**What to work on:**
The pictures in the listing below are to be skipped, while the lines between the line holding "Sapphire - Hazır Ofis Kağıthane - Fotoğraf 4" and the line holding "螺旋風(fēng)管常見的幾種風(fēng)管特點(diǎn)", inclusive, are to be output exactly.

**Records for this task:**
####
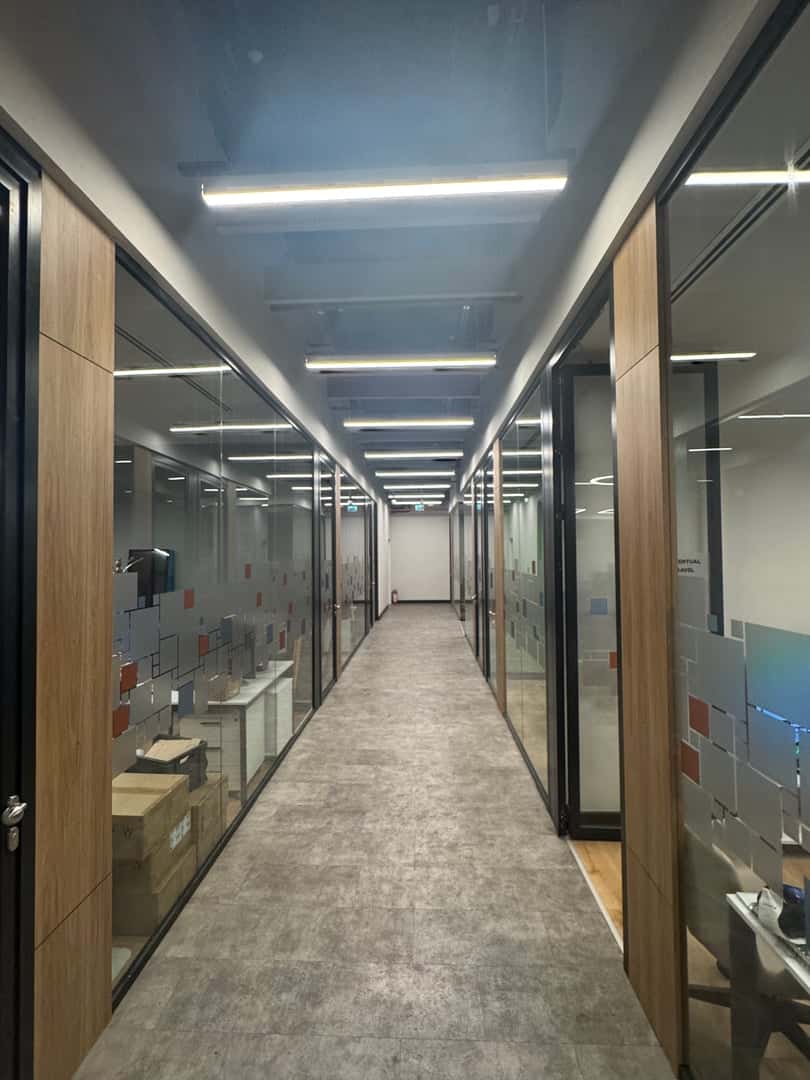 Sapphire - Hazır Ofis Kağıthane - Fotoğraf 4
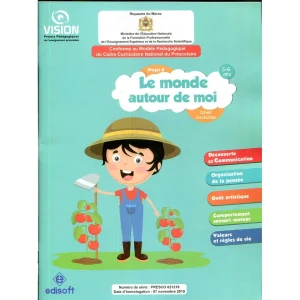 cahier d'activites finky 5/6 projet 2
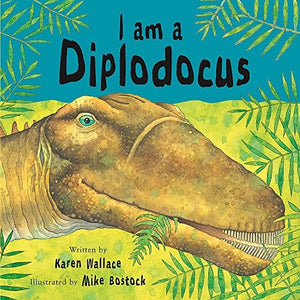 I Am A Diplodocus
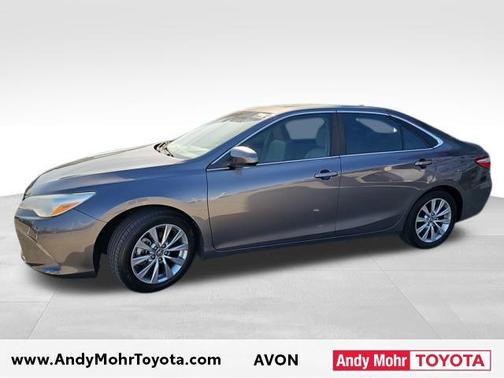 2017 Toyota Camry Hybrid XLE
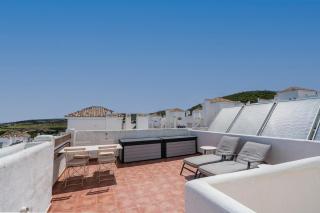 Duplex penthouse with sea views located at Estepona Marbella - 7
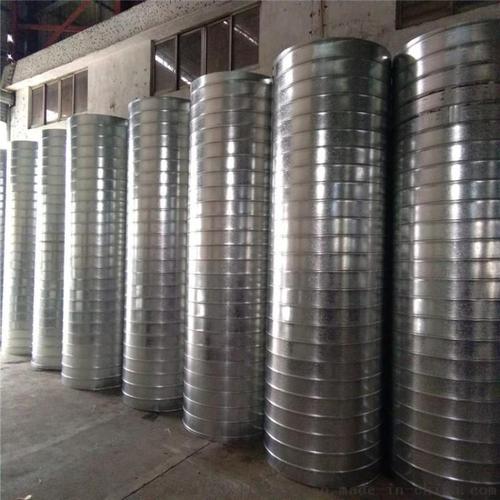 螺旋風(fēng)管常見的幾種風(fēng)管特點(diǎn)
####
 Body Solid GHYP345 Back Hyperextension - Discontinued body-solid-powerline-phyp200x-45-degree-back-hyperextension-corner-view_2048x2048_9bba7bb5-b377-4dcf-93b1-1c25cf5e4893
####
**Result of the exercise:**
 Sapphire - Hazır Ofis Kağıthane - Fotoğraf 4
 cahier d'activites finky 5/6 projet 2
 I Am A Diplodocus
 2017 Toyota Camry Hybrid XLE
 Duplex penthouse with sea views located at Estepona Marbella - 7
 螺旋風(fēng)管常見的幾種風(fēng)管特點(diǎn)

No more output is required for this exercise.